Data and code

Publish the data and code or it didn’t happen *

We have created the textbook as a complete package of text, code and data. While the textbook is available for money, code and data are free!

You can start exploration of the ecosystem around Gabors Data Analysis:

Below, we describe how to set up your system, get access to data and code, and replicate graphs and tables in the book.

Basic setup

Let us start with a simple way to store data and code on your computer. To ensure smooth sailing, you will need to create to folders on your computer, anywhere you like.

For the code: da_case_studies

For the data: da_data_repo

This setup is assumed for all the codes in R, Python and Stata.

Getting code

All the code that reproduces all the tables and graphs in the textbook is available freely to use.

Organization:

  1. Each case study has a separate folder.
  2. Within case study folders, codes in different languages are simply stored together.
  3. Some intermediary files (csv, rds) may be saved there, too.
  4. Output folders are created when you run the code

All codes in R, Python, and Stata should work well. We regularly make edits and updates to improve.
Check the Github repo for latest release

Option A: Download in one [advised]

The whole codebase for the textbook may be simply downloaded, currently we have the pre-release version, codename: v0.8.1-pre-release "Sweet and Full of Grace".

Steps

  1. Download it in a zipped file
  2. Unzip and rename da_case_studies

Option B: Fork and clone from Github [advanced]

Visit the Github page github.com/gabors-data-analysis/da_case_studies where the live version of the code is available.

Steps

  1. Sign up to Github
  2. Visit the Github page github.com/gabors-data-analysis/da_case_studies
  3. Fork the da_case_studies repository
  4. Clone to a local drive, name it da_case_studies

Getting data

Data is shared via a OSF project repository.

Option A: download dataset folders [advised]

Steps

  1. Create a da_data_repo folder on your local computer.
  2. Visit the OSF project repository.

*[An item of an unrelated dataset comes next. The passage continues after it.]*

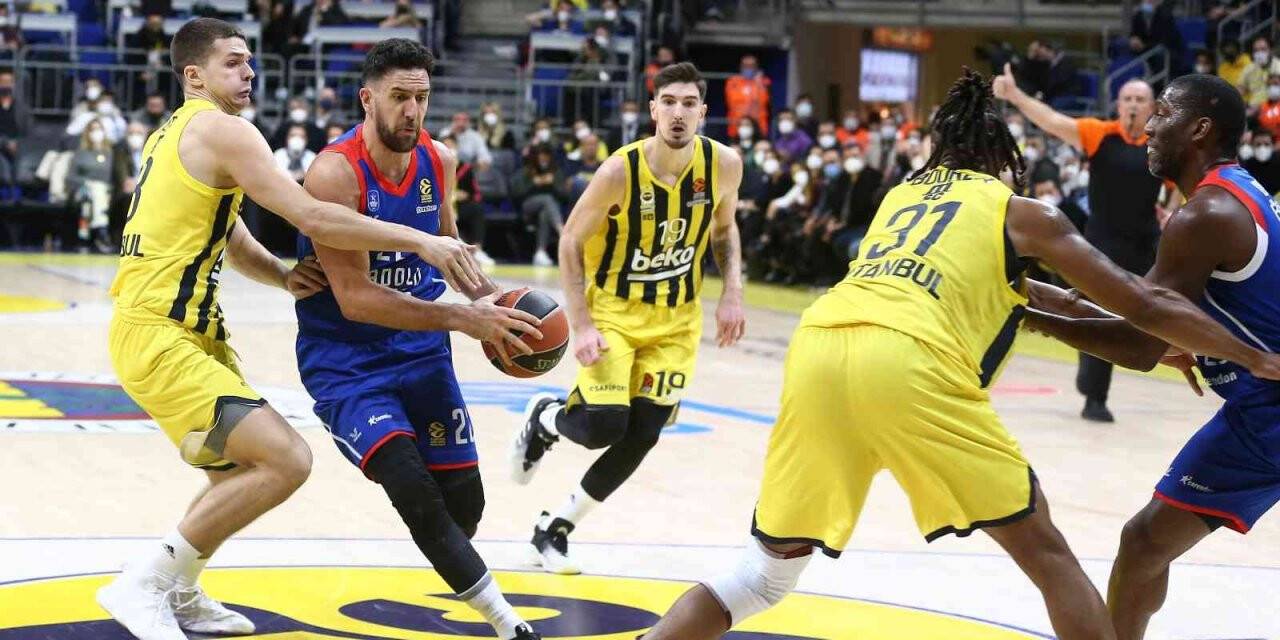 THY Euroleague’deki Türk derbisinde zafer Anadolu Efes’in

You will see a list of datasets. You will need to download each dataset folder one by one.
  3. For each dataset, click on the OSF Storage(United States) or OSF Storage(Germany - Frankfurt) icon and download as zip.
  4. Extract from the zip, making sure that the folder name is exactly the same as in the OSF repository
  5. Repeat for all the datasets you need.
  6. Add the dataset folders to a da_data_repo folder to ensure all codes work smoothly.

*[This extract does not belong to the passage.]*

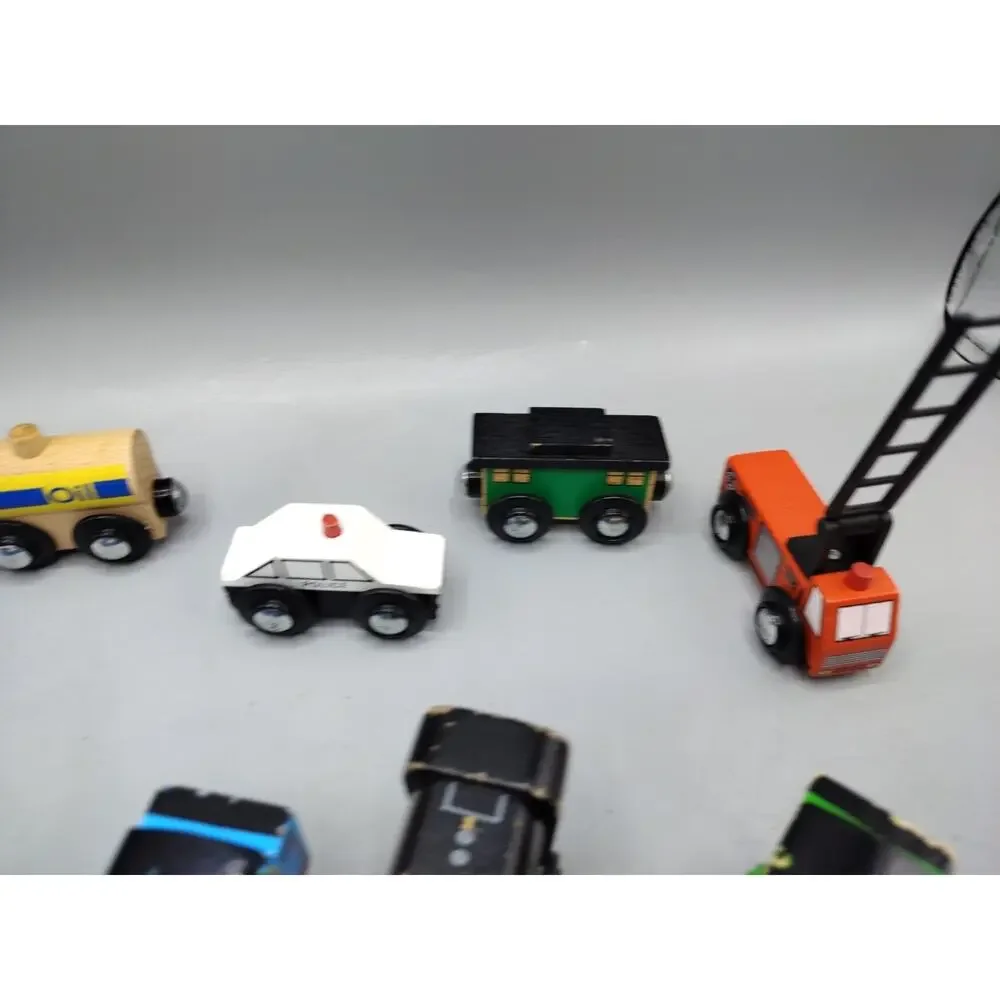 Thomas and Friends Lot Of 6 Wooden Railway Engines Caboose 5 Other Vehicles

Option B: Download the whole textbook material

You can download a single ZIP file that contains all datasets, with clean datasets only. This is for size considerations (the raw data are 20GB or so).

To get it just visit the da_data_repo site of our OSF repo, download, unzip and enjoy.

Option C: Directly open from script

At the same time, each dataset is a component and files may be directly opened from code. For example, with the hotel-europe dataset:

R: data1<-read.csv(url("https://osf.io/p6tyr/download"))

Python: pd.read_csv("https://osf.io/p6tyr/download")

Stata: import delimited "https://osf.io/p6tyr/download"

Really, really simple.

Setting up to run code

You will need install libraries and make some minor edits in some code bits. Tasks vary depending on the coding language. This textbook is coding language neutral. Our code is written in all three most widely used tools for data analysis. See our brief summary, so pick one and follow instructions!

How to set up for Stata?
How to set up for R?
How to set up for Python?

Some advice on learning to code

Differences in output

The graphs and results in the textbook come from R. However, most results and graphs should be the same when running from Stata or Python.

There could some differences across output from different languages.

  1. Graphs may vary as some settings vary. We made a great effort to reduce this as much as possible - sometimes adding more paramateres to graph making bits than we would normally do.
  2. Whenever there is any randomization in the background, results will indeed differ (example is cross-validation)
  3. Some minor differences are caused by variation in some defaults in some formula, such as degree of freedom (example is BIC)